As part of my ML project, I want to generate training data for analyzing the face of multiple individuals from different images using the face detector Google Firebase ML-Kit Face detection library. I created a very simple service class to encapsulate the initialization and start the process of face detection:
class FaceDetectorService(private val act: MainActivity) {
private var opts: FirebaseVisionFaceDetectorOptions? = null
private var detector: FirebaseVisionFaceDetector? = null
init {
FirebaseApp.initializeApp(act)
opts = FirebaseVisionFaceDetectorOptions.Builder()
.setPerformanceMode(FirebaseVisionFaceDetectorOptions.ACCURATE)
.setLandmarkMode(FirebaseVisionFaceDetectorOptions.NO_LANDMARKS)
.setClassificationMode(FirebaseVisionFaceDetectorOptions.NO_CLASSIFICATIONS)
.setContourMode(FirebaseVisionFaceDetectorOptions.ALL_CONTOURS)
.build()
detector = FirebaseVision.getInstance()
.getVisionFaceDetector(opts!!)
}
suspend fun analyzeAsync(cont: Context, uri: Uri) : Pair<String, Task<List<FirebaseVisionFace>>> {
val image = FirebaseVisionImage.fromFilePath(cont, uri)
// this is for the UI thread
withContext(Main){
act.addItemToAnalyze(uri.lastPathSegment)
}
// return the filename too
return Pair(uri.lastPathSegment, detector!!.detectInImage(image))
}
}
The function detector!!.detectInImage (FirebaseVisionImage.detectInImage ) returns a Task that represents async operations.
In the onResume() function of my MainActivity, inside a CoroutineScope, I fire up the lib and start iterating over the images converting them to an Uri first then passing it to the face detector:
CoroutineScope(IO).launch {
val executeTime = measureTimeMillis {
for (uri in uris){
val fileNameUnderAnalysis = uri.lastPathSegment
//val tsk = withContext(IO) {
// detector!!.analyzeAsync(act, uri)
//}
val tsk = detector!!.analyzeAsync(act, uri)
tsk.second.addOnCompleteListener { task ->
if (task.isSuccessful && task.result!!.isNotEmpty()) {
try {
// my best
} catch (e: IllegalArgumentException) {
// fire
}
} else if (task.result!!.isEmpty()) {
// not today :(
}
}
tsk.second.addOnFailureListener { e ->
// on error
}
}
}
Log.i("MILLIS", executeTime.toString())
}
Now, although my implementation runs concurrently (that is, starting at the same time), what I actually want is to run them in parallel (running in the same time depending on the number of threads, which is 4 in my case on an emulator), so my goal would be to take the number of available threads and assign an analysis operation to each of them quartering the execution time.
What I tried so far is, inside the CoroutineScope(IO).launch block, encapsulating the call to the library in a task:
val tsk = async {
detector!!.analyzeAsync(act, uri)
}
val result = tsk.await()
and a job:
val tsk = withContext(IO) {
detector!!.analyzeAsync(act, uri)
}
but the async operations I manually start always last only as long as the Firebase tasks are started, not waiting for the inner task to run to completion.
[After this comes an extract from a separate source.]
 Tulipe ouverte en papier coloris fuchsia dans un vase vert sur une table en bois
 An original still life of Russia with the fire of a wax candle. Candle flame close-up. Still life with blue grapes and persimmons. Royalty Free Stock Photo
I also tried adding different withcontext(...) and ...launch {} variations inside the class FaceDetectorService, but to no avail.
I'm obviously very new to kotlin coroutines, so I think I'm missing something very basic here, but I just cannot wrap my head around it.
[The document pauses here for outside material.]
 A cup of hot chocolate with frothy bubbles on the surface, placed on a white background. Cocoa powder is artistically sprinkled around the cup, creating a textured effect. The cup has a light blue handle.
(PS: please do not comment on the sloppiness of the code, this is just a prototype :) )
analyzeAsync() is a suspend fun and also returns a future-like Task object. Instead it should return the result of Task.await(), which you can easily implement basically by factoring out your addOnCompleteListener call:
suspend fun <T> Task<T>.await(): T = suspendCancellableCoroutine { cont ->
addOnCompleteListener {
val e = exception
when {
e != null -> cont.resumeWithException(e)
isCanceled -> cont.cancel()
else -> cont.resume(result)
}
}
}
An optimzied version is available in the kotlinx-coroutines-play-services module).
Since the face detection API is already async, it means the thread you call it on is irrelevant and it handles its computation resources internally. Therefore you don't need to launch in the IO dispatcher, you can use Main and freely do GUI work at any point, with no context switches.
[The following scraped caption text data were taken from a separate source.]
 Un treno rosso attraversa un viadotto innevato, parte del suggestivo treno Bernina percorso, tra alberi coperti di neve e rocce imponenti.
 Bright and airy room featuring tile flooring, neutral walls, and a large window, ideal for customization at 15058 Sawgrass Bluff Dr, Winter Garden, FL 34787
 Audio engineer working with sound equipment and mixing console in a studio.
As for your main point: I couldn't find explicit details on it, but it is highly likely that a single face detection call already uses all the available CPU or even dedicated ML circuits that are now appearing in smartphones, which mean there's nothing to parallelize from the outside. Just a single face detection request is already getting all the resources working on it.
Related
I have an android app that uses CouchBase lite, I'm trying to save a document and get the acknowledgement using coroutin channel, the reason why I use a channel is to make sure every operation is done on the same scope
here is my try based on the selected answer here
How to properly have a queue of pending operations using Kotlin Coroutines?
object DatabaseQueue {
private val scope = CoroutineScope(IOCoroutineScope)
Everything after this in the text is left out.